Across Michigan, people are casting votes for dozens of races, including the White House, Senate, Congress and six highly-contentious ballot proposals. Here's what they're saying about why they cast their votes:
— "He's going to take the country in the right direction," said John Robinson, 38, a Lansing resident who works for an engineering firm and voted for President Barack Obama.
— "My values lined up with Mitt Romney," Wayne Humphrey, 61, of Lansing, who said he voted a straight Republican ticket. "I believe in the sanctity of marriage, and so does he. I'm a Christian. I vote my values."
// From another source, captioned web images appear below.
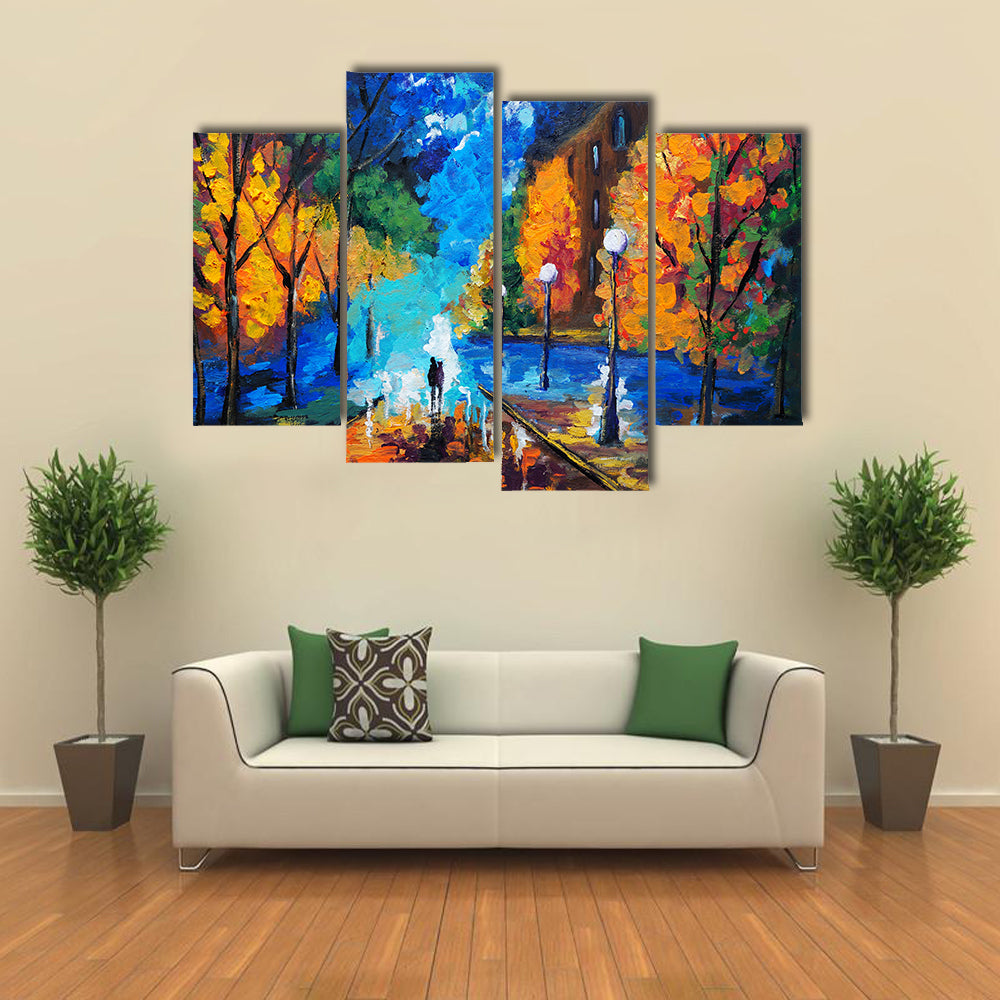 Autumn Couple Under Glowing Streetlights Canvas Wall Art
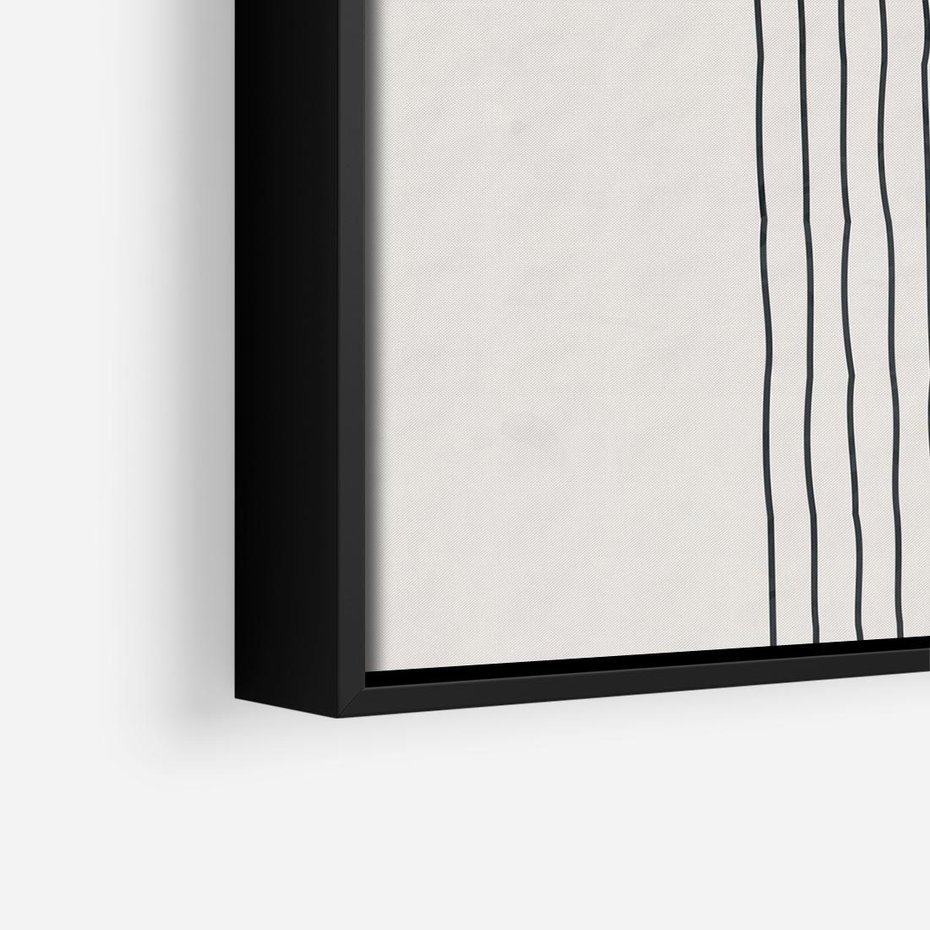 Obraz w ramie 50x50 - Bezczasowe Wspomnienia - abstrakcyjna akwarelowa plama, nieregularne kreski - rama czarna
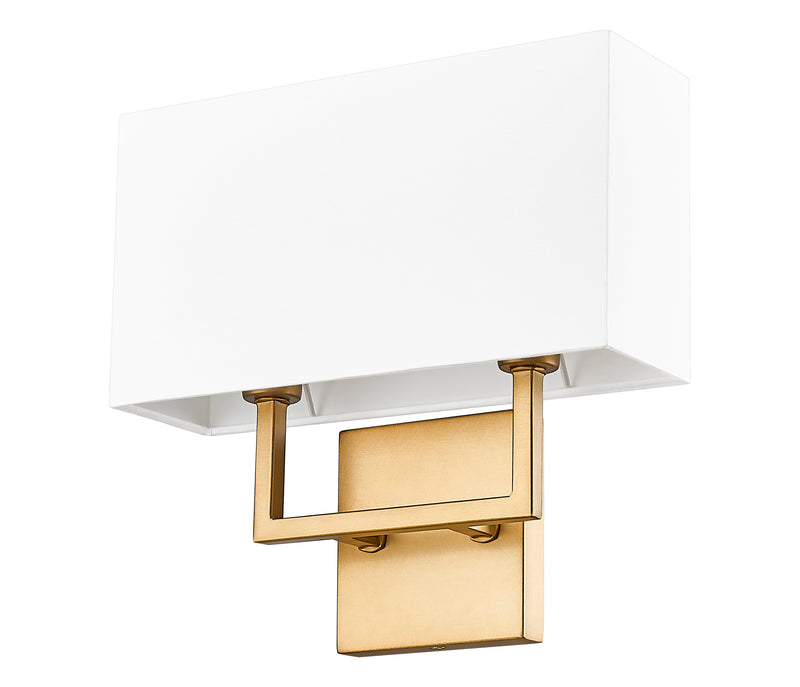 Saxon 2 Light 12" Wall Sconce in Rubbed Brass
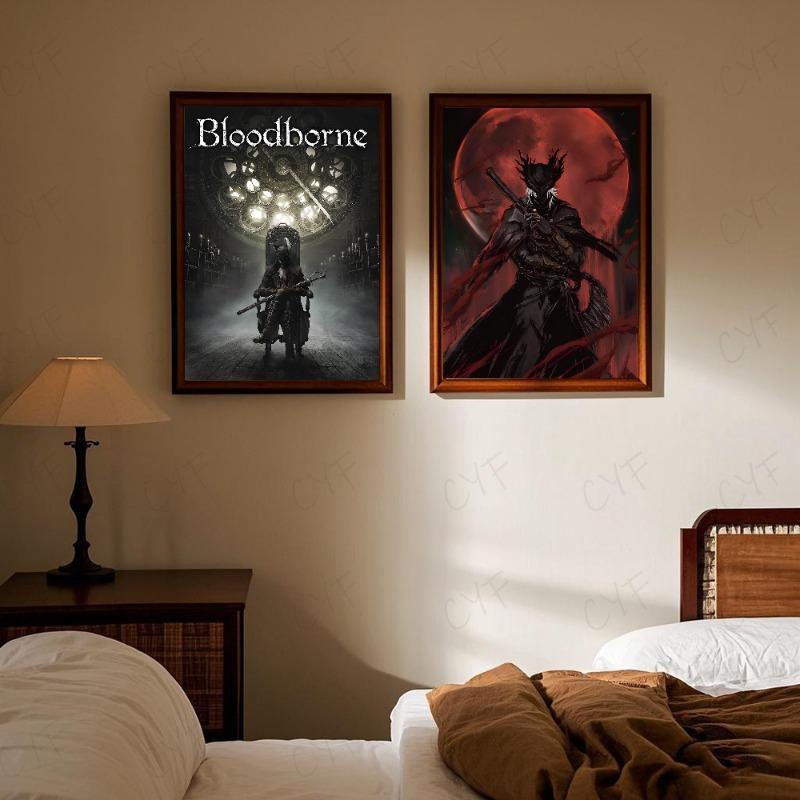 Dark Hunter B-Bloodborne Game Poster HD art самоклеящаяся водонепроницаемая стена для дома, гостиной, спальни, бара, эстетическое украшение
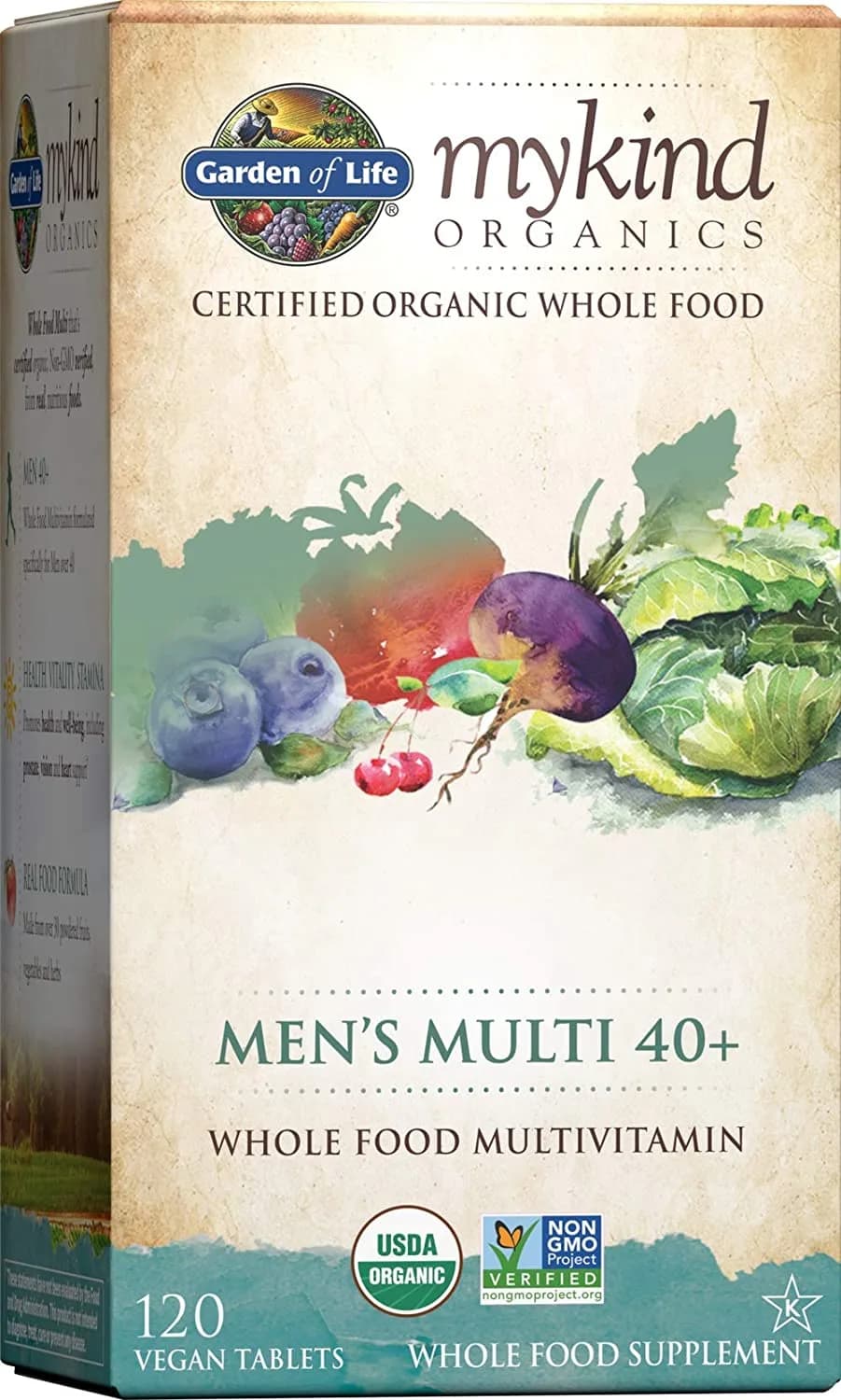 Organic Multivitamin for Men 40+, 120 Tablets by Garden of Life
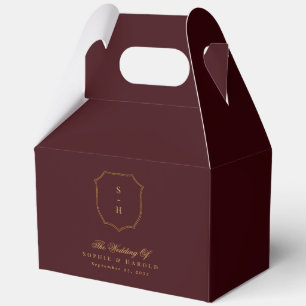 Elegant Burgundy & Gold Crest Monogram Wedding Favour Box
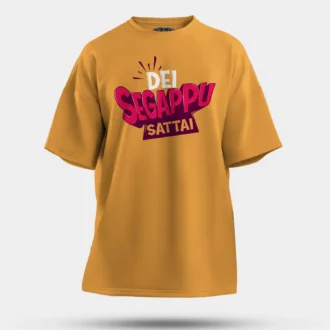 Dei Segappu Sattai Men/Unisex Oversized T-Shirt in Golden Yellow Color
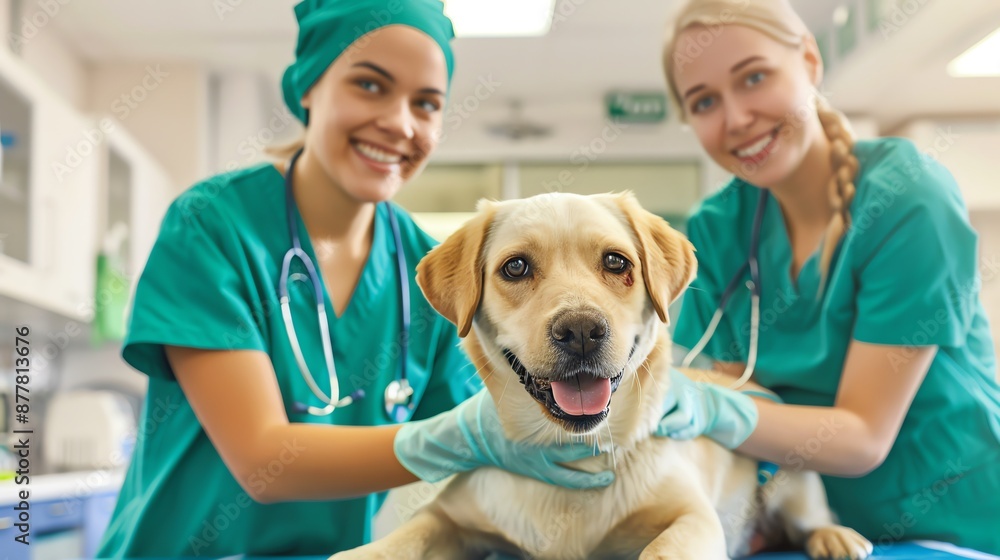 An urgent care team attending to a pet with trauma, administering immediate treatment in an emergency veterinary unit An urgent care team attending to a pet with trauma, administering immediate treatment in an emergency veterinary unit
— "I didn't like Mr. Romney's views. To me, he's not the answer. He's flip-flopping all the time," said Sharon Oakley, 49, a Jamaican-born Lansing resident voting in her second U.S. election.
— "As a Christian, that's an important issue for me," Kimber Lawrence, 51, said of abortion while going to vote in Lansing. "Obama is for it, and I just can't support that."
— "I really don't like Mitt Romney," said Wayne Deyo, a 22-year-old carpenter and first-time presidential voter from Livonia. "He's anti-union, and my whole family is union."
— "I just feel like I'd rather lower government spending, decrease the size of government," said Matthew Yaari, 23, of West Bloomfield Township, northwest of Detroit, on why he voted for Romney. "I really didn't think there was a huge difference between the two, but I gave the edge to Romney."
— "My husband is a business owner, and I think that he's going to benefit the next four years. I don't think Obama was able to follow through," said Michelle Gersin, 38, of West Bloomfield Township who cast her ballot for Romney. "This is for my household. If Obama was in town, I'd love to sit down and chat with him."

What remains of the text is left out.